* **Required action**
When you return the lines below, go from the first through the line with "T-BLUER Silikon Bunte", keep them exact, and leave out every picture.

Captioned web images:
===

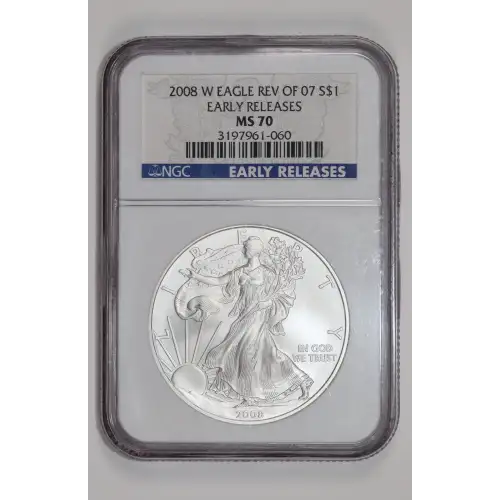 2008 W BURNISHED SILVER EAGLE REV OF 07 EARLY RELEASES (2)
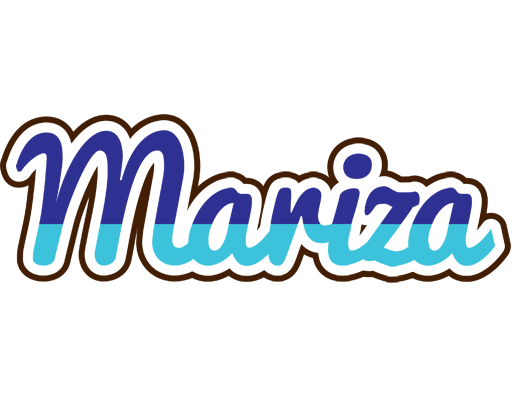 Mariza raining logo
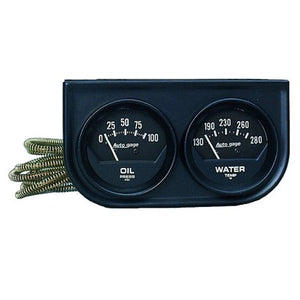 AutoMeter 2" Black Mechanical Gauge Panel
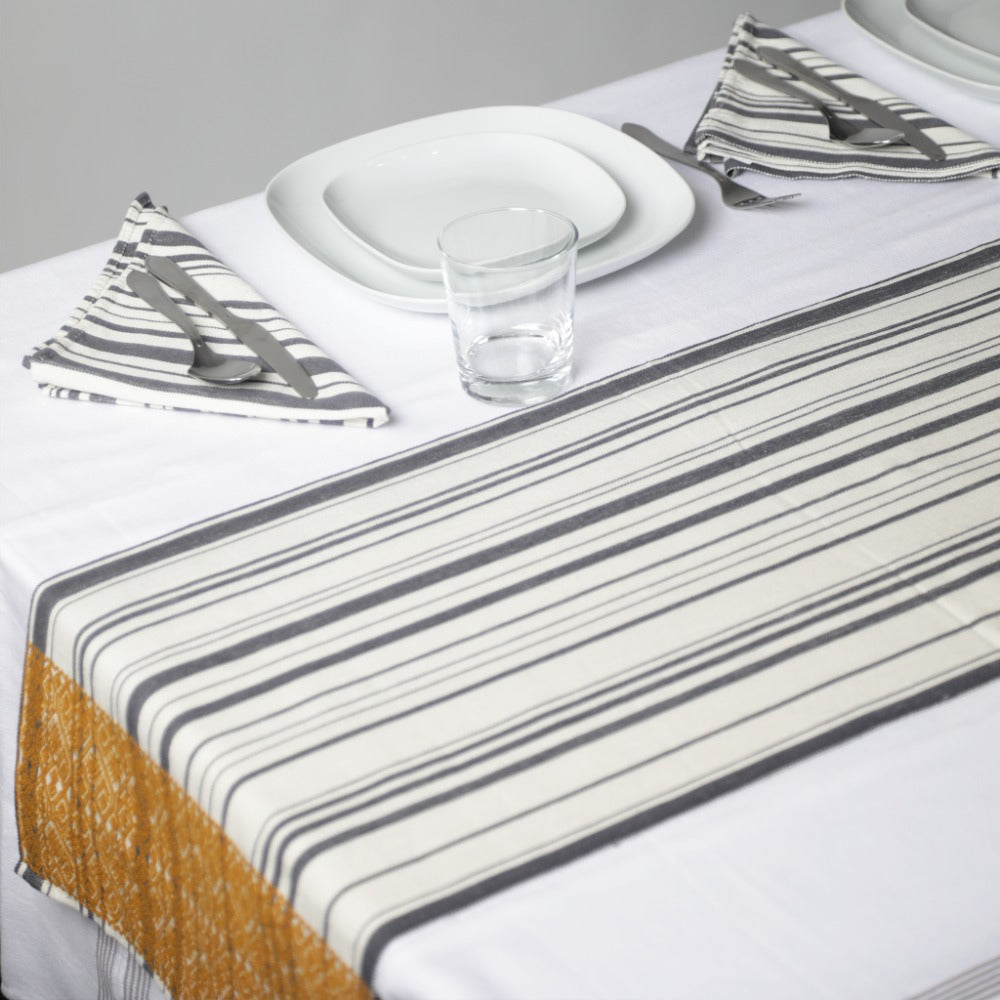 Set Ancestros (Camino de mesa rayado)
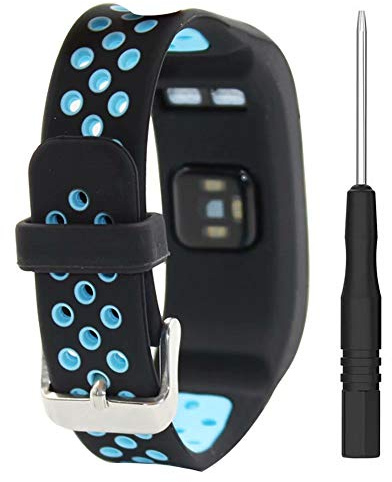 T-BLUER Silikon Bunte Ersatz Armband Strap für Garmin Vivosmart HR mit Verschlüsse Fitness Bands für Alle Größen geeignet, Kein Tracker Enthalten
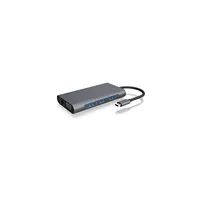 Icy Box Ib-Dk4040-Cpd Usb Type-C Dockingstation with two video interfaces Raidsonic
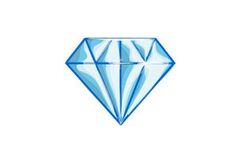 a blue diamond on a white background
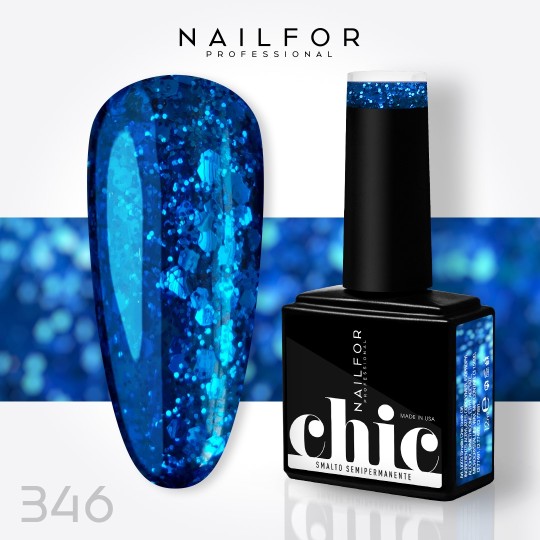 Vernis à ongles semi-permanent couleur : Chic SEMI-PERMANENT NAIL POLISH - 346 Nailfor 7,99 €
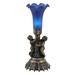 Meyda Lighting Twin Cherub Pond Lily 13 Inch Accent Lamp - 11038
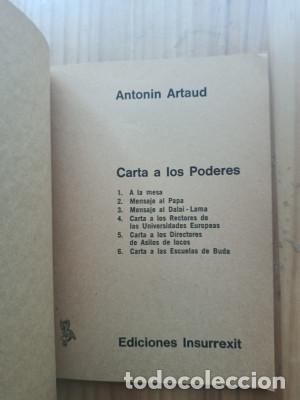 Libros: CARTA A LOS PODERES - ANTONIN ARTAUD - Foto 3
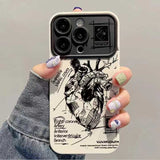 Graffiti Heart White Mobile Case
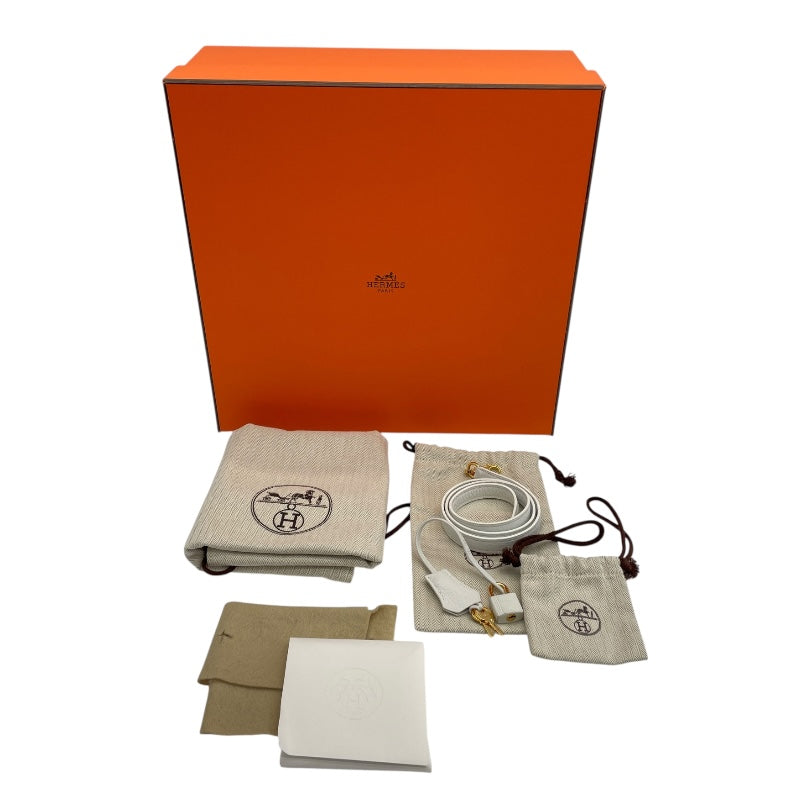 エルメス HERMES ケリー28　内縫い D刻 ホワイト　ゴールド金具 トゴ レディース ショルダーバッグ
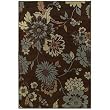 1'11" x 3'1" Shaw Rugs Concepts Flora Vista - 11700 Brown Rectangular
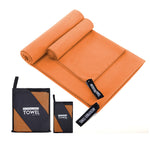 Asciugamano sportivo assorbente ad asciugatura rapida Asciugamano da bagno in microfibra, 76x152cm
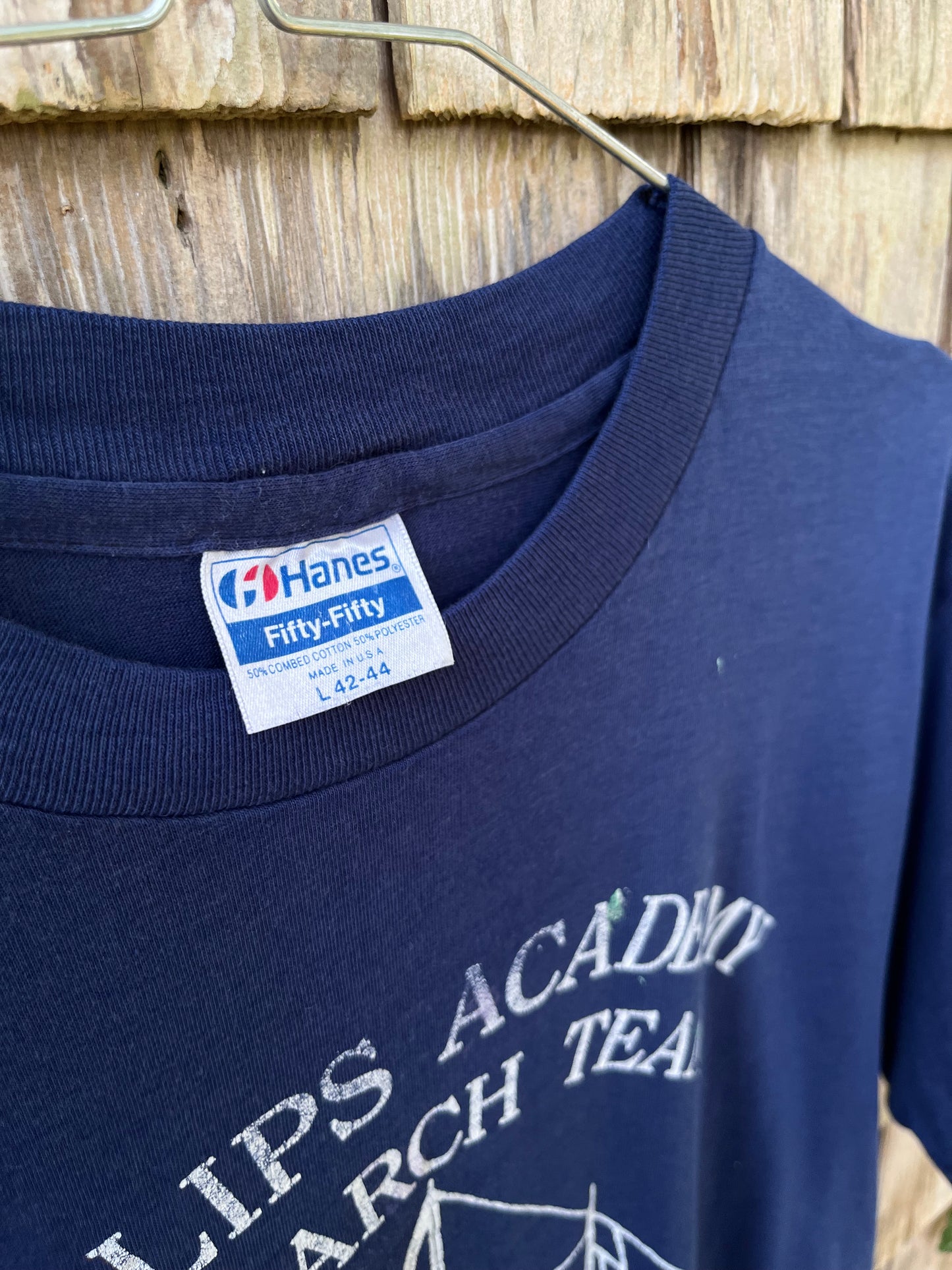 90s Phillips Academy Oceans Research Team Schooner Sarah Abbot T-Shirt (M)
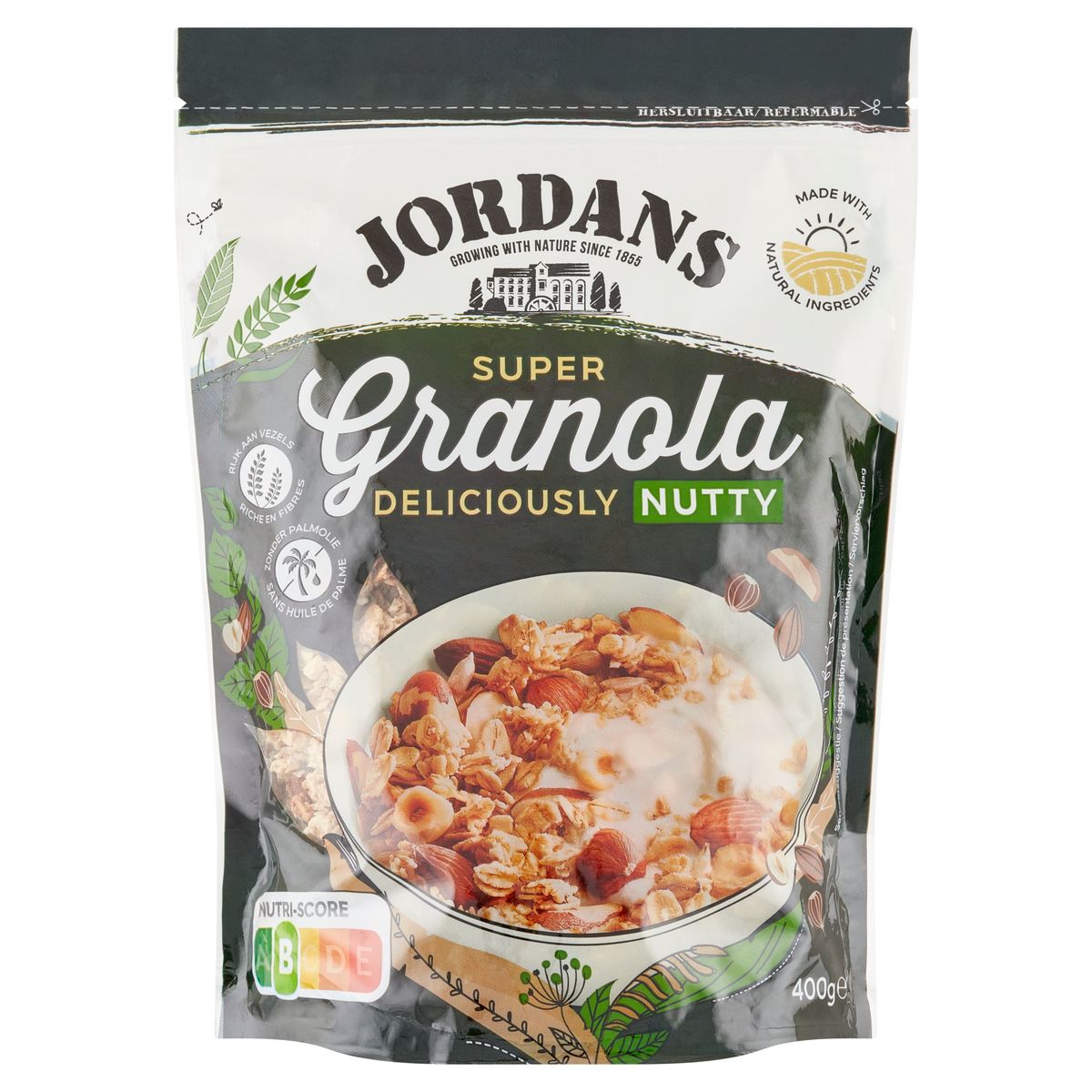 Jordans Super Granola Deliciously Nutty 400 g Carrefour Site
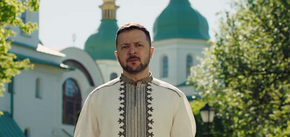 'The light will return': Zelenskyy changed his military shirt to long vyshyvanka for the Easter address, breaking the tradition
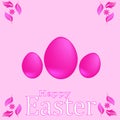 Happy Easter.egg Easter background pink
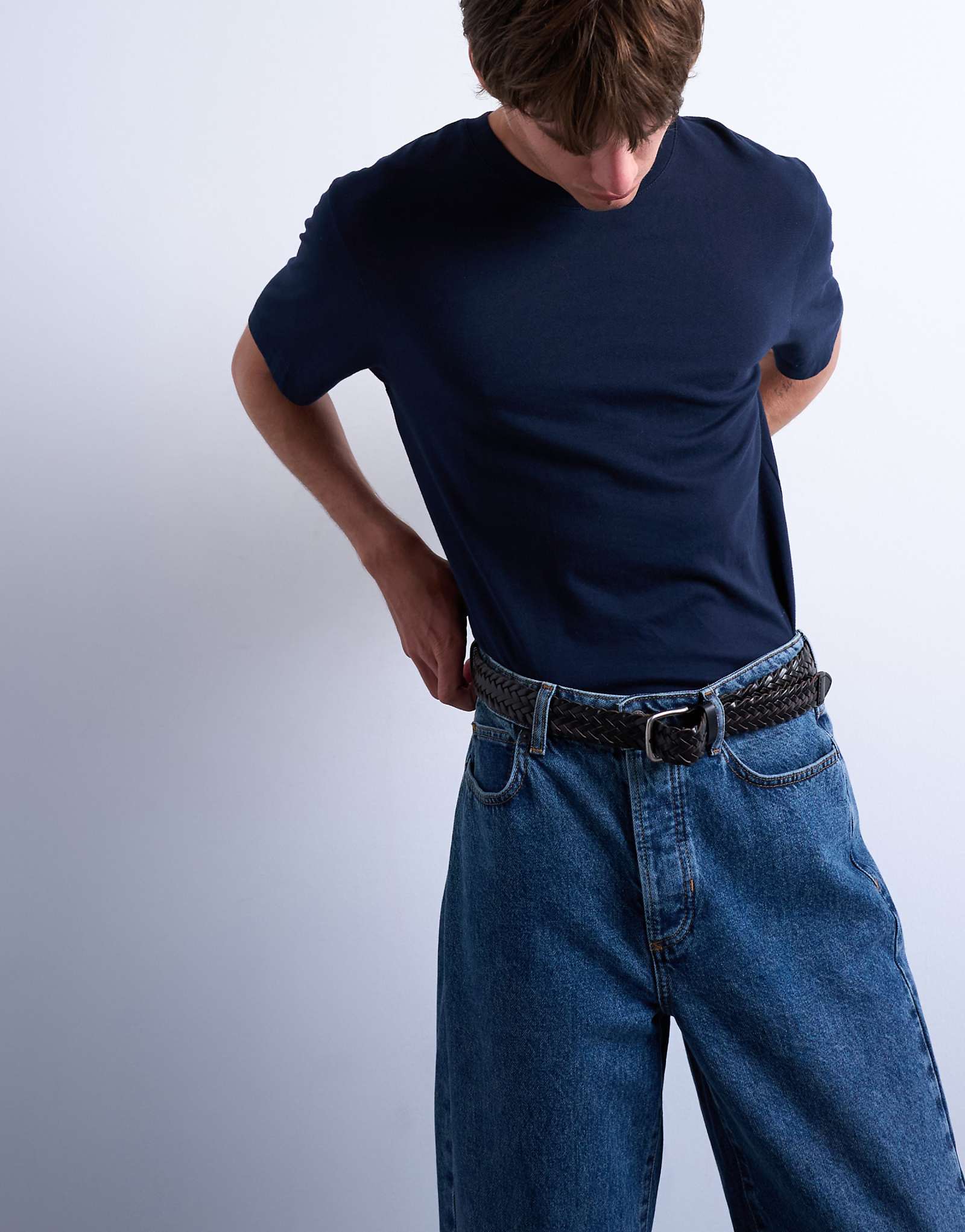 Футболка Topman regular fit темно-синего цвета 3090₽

===

* **Worked solution**
 2008 W BURNISHED SILVER EAGLE REV OF 07 EARLY RELEASES (2)
 Mariza raining logo
 AutoMeter 2" Black Mechanical Gauge Panel
 Set Ancestros (Camino de mesa rayado)
 T-BLUER Silikon Bunte Ersatz Armband Strap für Garmin Vivosmart HR mit Verschlüsse Fitness Bands für Alle Größen geeignet, Kein Tracker Enthalten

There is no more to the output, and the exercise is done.